What to work on:
Below are the records; give again exactly the lines from the one containing "Pretty woman shopping in the bakery" through the one containing "closed red handcuffs", leaving out pictures.

Source information:
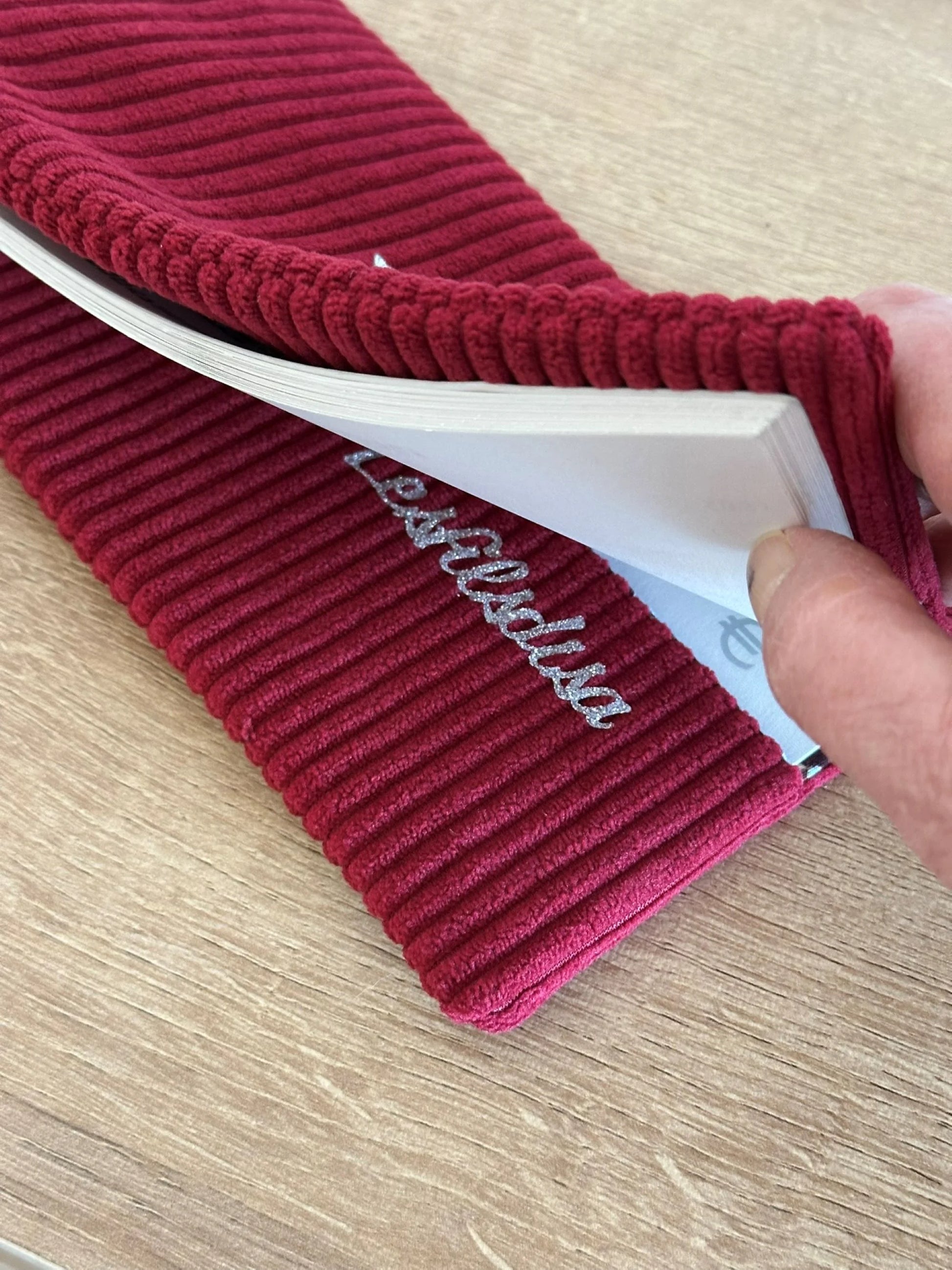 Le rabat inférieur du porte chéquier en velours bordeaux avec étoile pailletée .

==

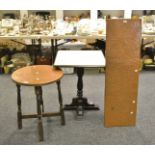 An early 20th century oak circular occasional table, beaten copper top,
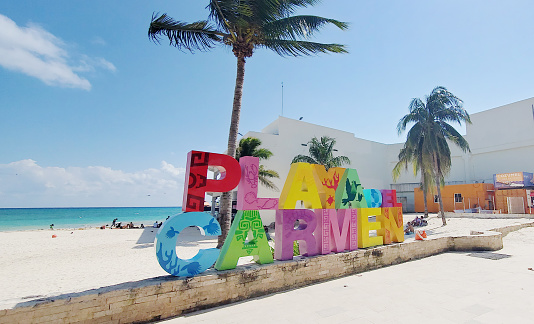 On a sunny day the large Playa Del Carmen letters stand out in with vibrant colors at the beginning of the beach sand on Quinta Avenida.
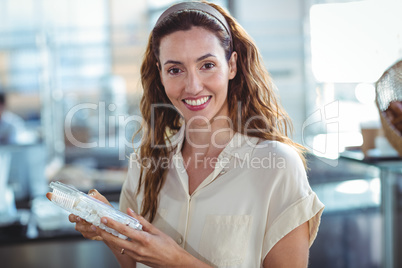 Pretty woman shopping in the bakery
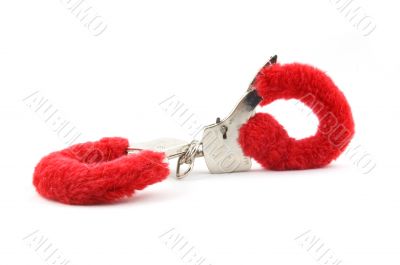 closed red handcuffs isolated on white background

Solution for this exercise:
 Pretty woman shopping in the bakery
 closed red handcuffs isolated on white background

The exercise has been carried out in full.